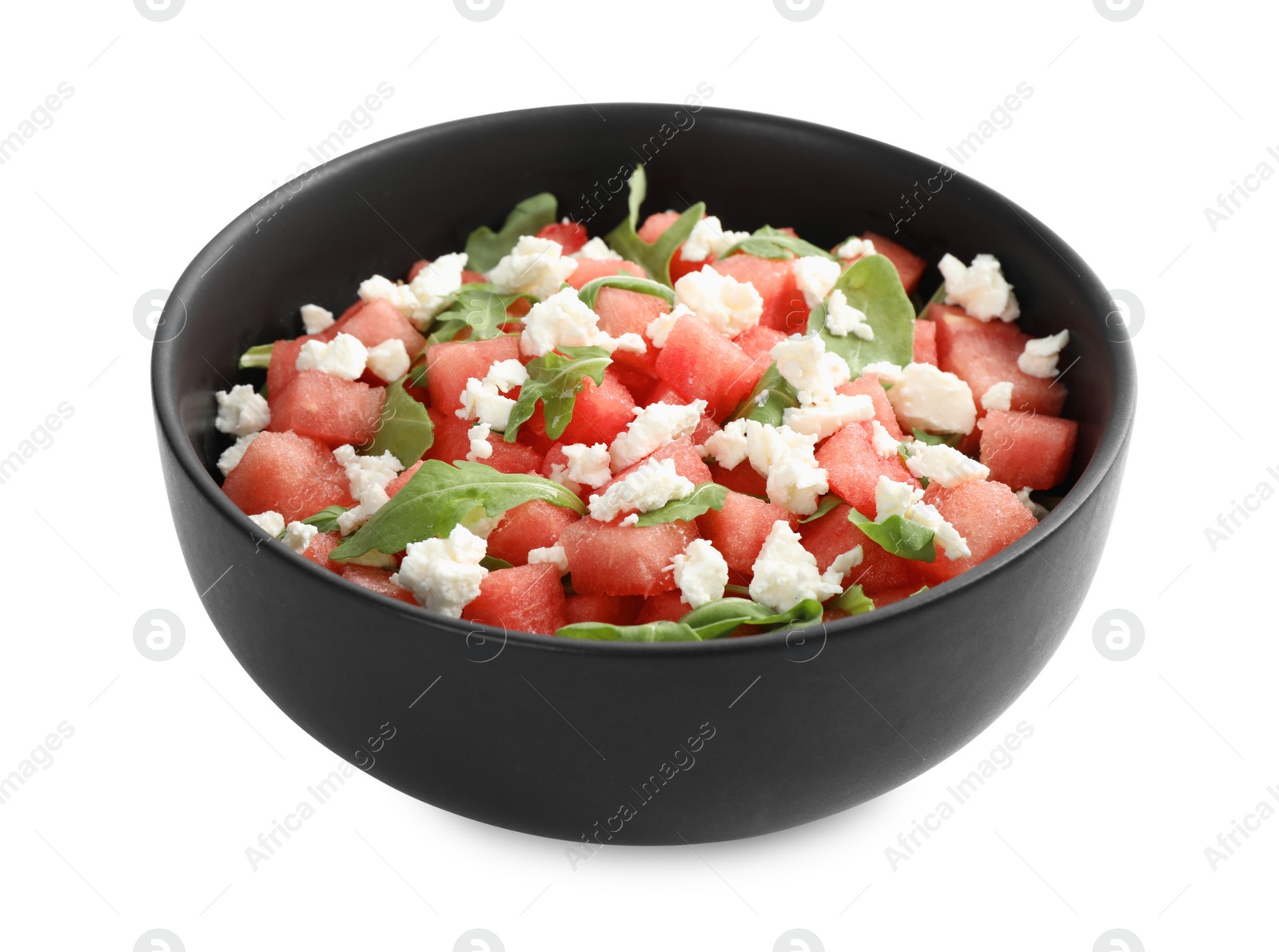 Photo of Delicious salad with watermelon, arugula and feta cheese isolated on white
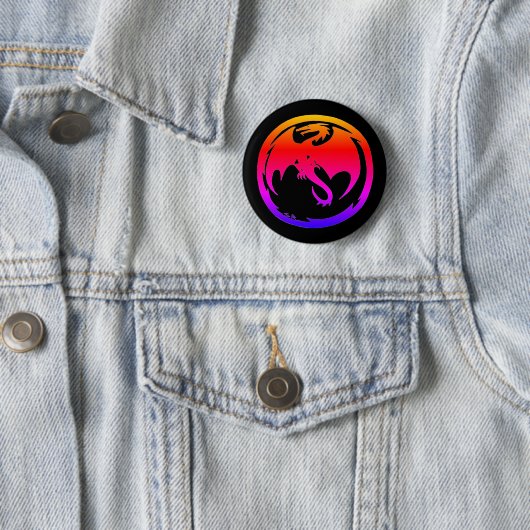 Badge Rond 5 Cm Bouton noir Neon Dragon (En situation)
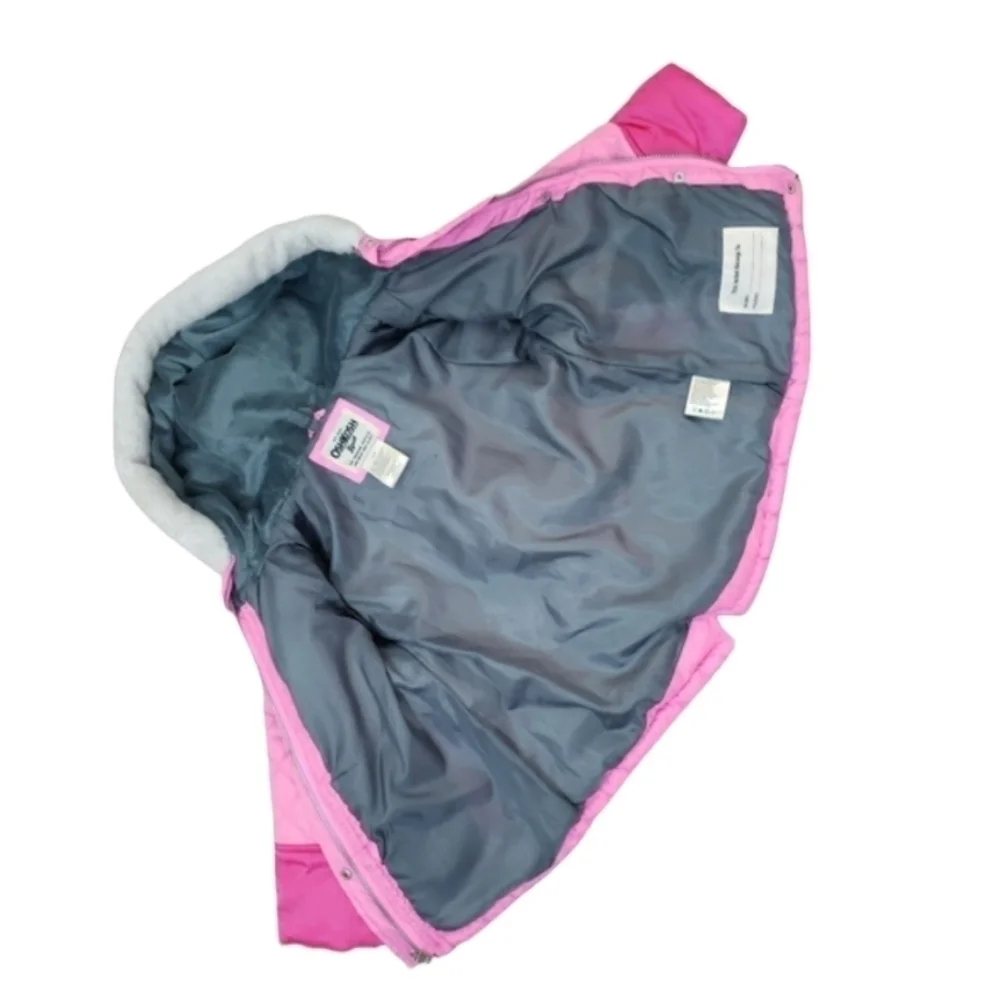 Osh Kosh B'gosh Girls Hooded Puffer Coat Size S(4) Pink Nylon Lining.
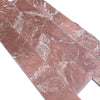 Polished pink Rojo Imperial Strip Marble 6x24 tiles with white veining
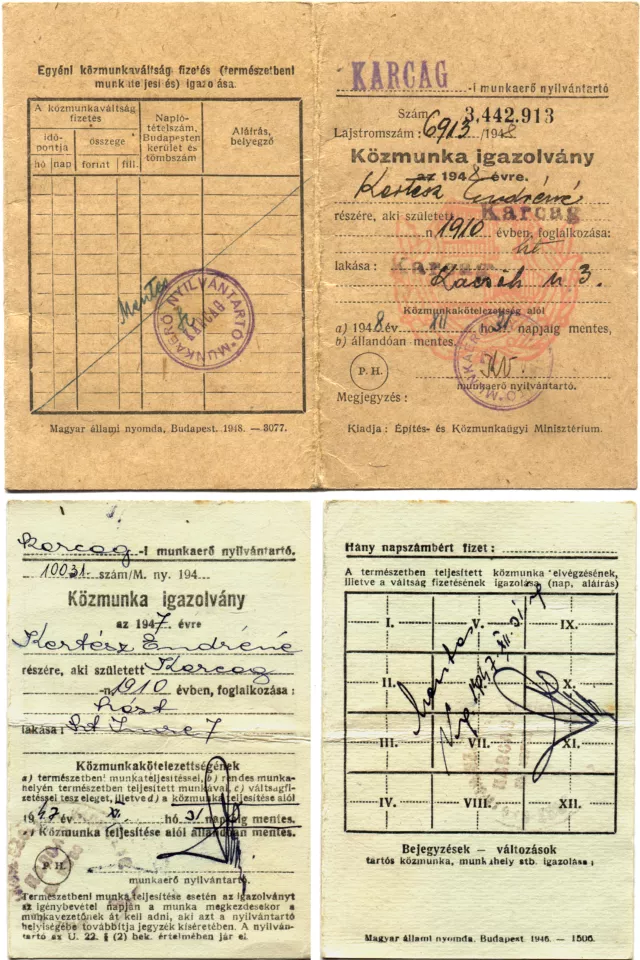 Kertész Endréné közmunka-igazolványai Kertész Endréné közmunka-igazolványai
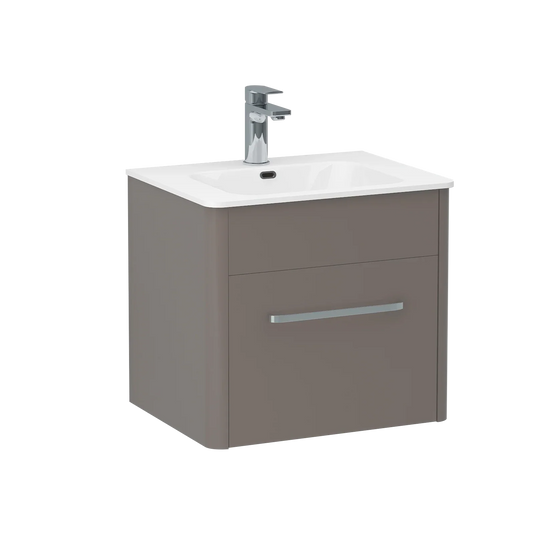 Imex Suburb 500mm × 390mm Single Drawer Wall Mounted Vanity Unit - Matt Ash - SU5039SDWMCMA - Envy Bathrooms Ltd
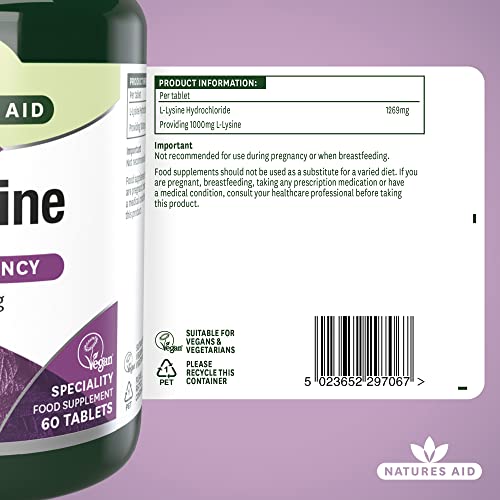 Natures Aid L-Lysine 1000 mg, High Potency Essential Amino Acid, Vegan, 60 Tablets natures aidUS supplements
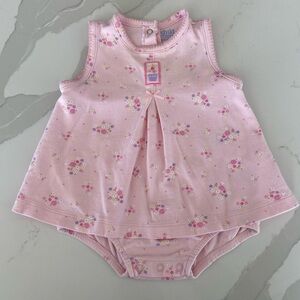 Vtg cottage core Child of Mine by Carter's Pink Floral bubble Romper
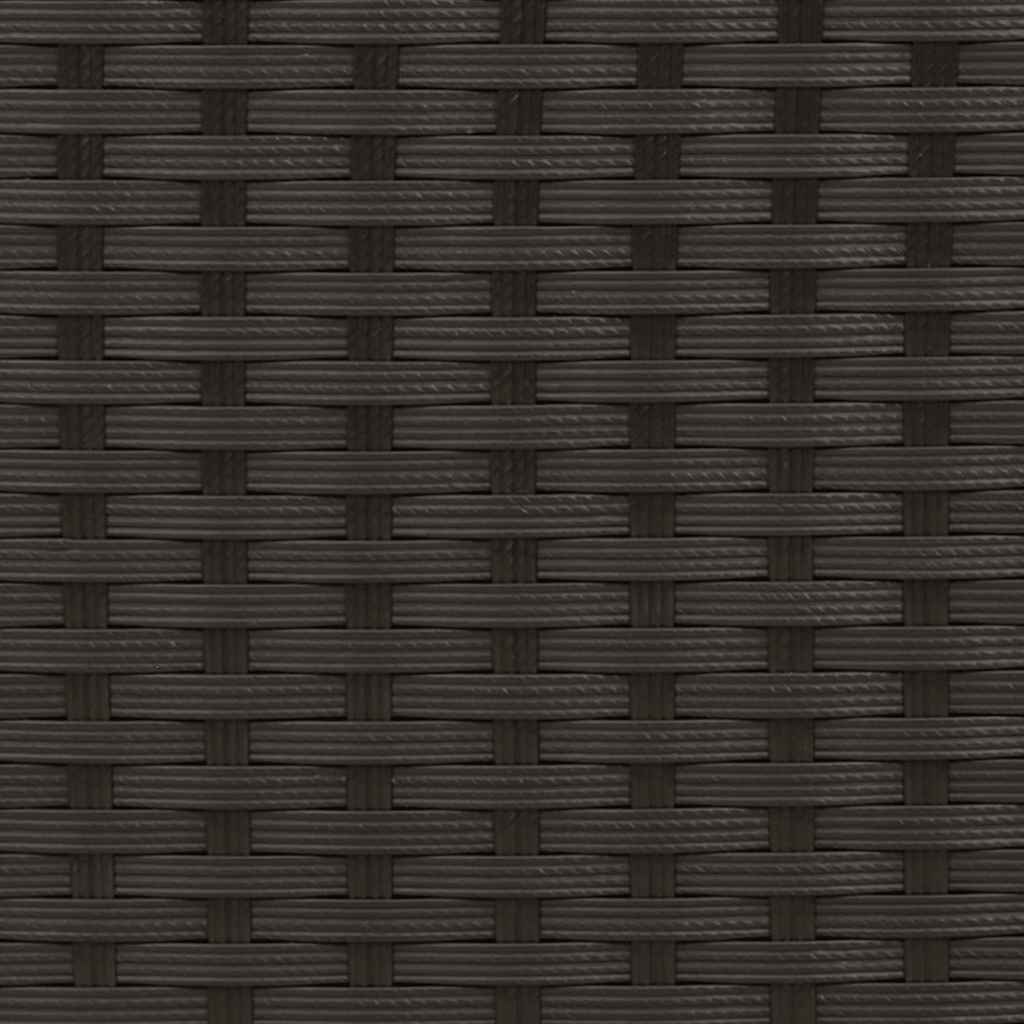 Doppel-Sonnenliege mit Dach und Auflagen Schwarz Poly Rattan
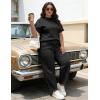 image:imageUOUA Womens Plus Size Sweatsuit 2 Piece Outfits Summer Short Sleeve Tops Wide Leg Pants Tracksuit Lounge SetsNew Black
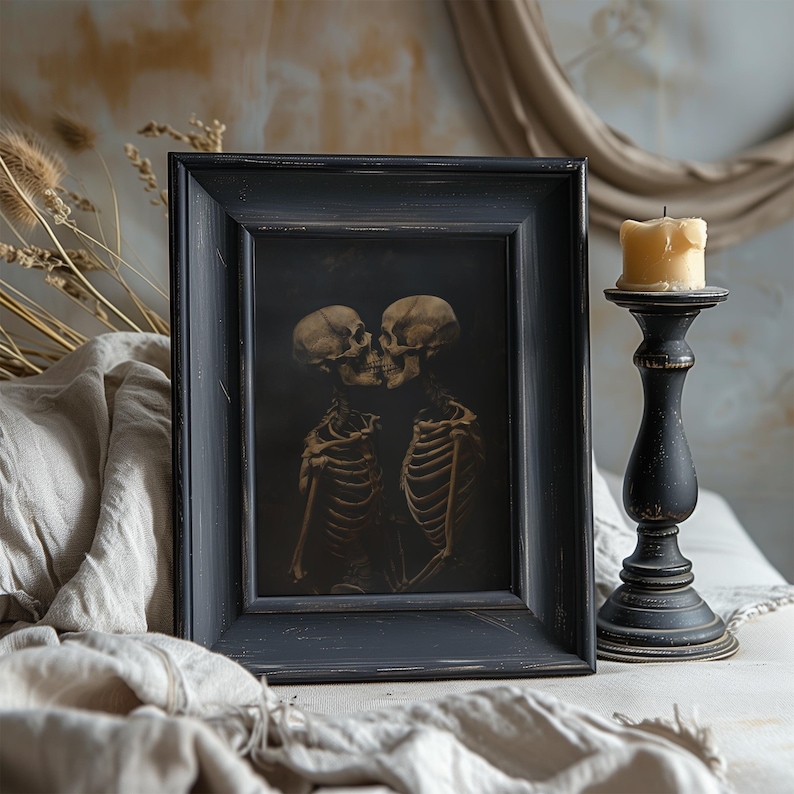 Gothic skeleton couple kissing in a dark, romantic scene.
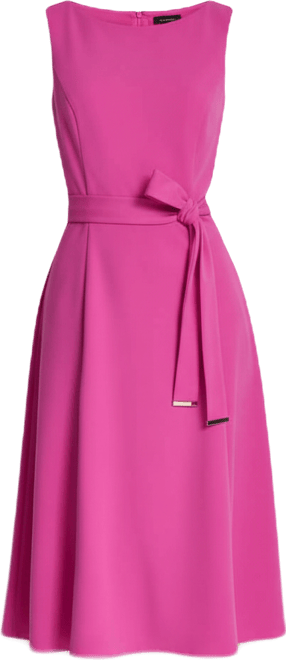 Women's Sleeveless Boat Neck Scuba Crepe Midi Dress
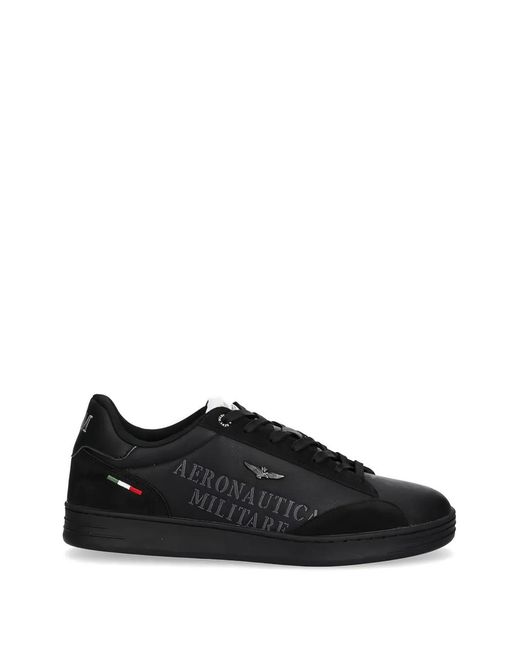Aeronautica Militare Black Lace-Up Suede Sneakers for men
○ ○ ○
WHAT THE TASK ASKS:
Could you reproduce exactly, and only, the lines from the one containing "Natures Aid L-Lysine" through the end of the records above, both included, while leaving out the pictures?

TASK OUTPUT:
 Natures Aid L-Lysine 1000 mg, High Potency Essential Amino Acid, Vegan, 60 Tablets natures aidUS supplements
 Vtg cottage core Child of Mine by Carter's Pink Floral bubble Romper
 Doppel-Sonnenliege mit Dach und Auflagen Schwarz Poly Rattan
 image:imageUOUA Womens Plus Size Sweatsuit 2 Piece Outfits Summer Short Sleeve Tops Wide Leg Pants Tracksuit Lounge SetsNew Black
 Gothic skeleton couple kissing in a dark, romantic scene.
 Women's Sleeveless Boat Neck Scuba Crepe Midi Dress
Aeronautica Militare Black Lace-Up Suede Sneakers for men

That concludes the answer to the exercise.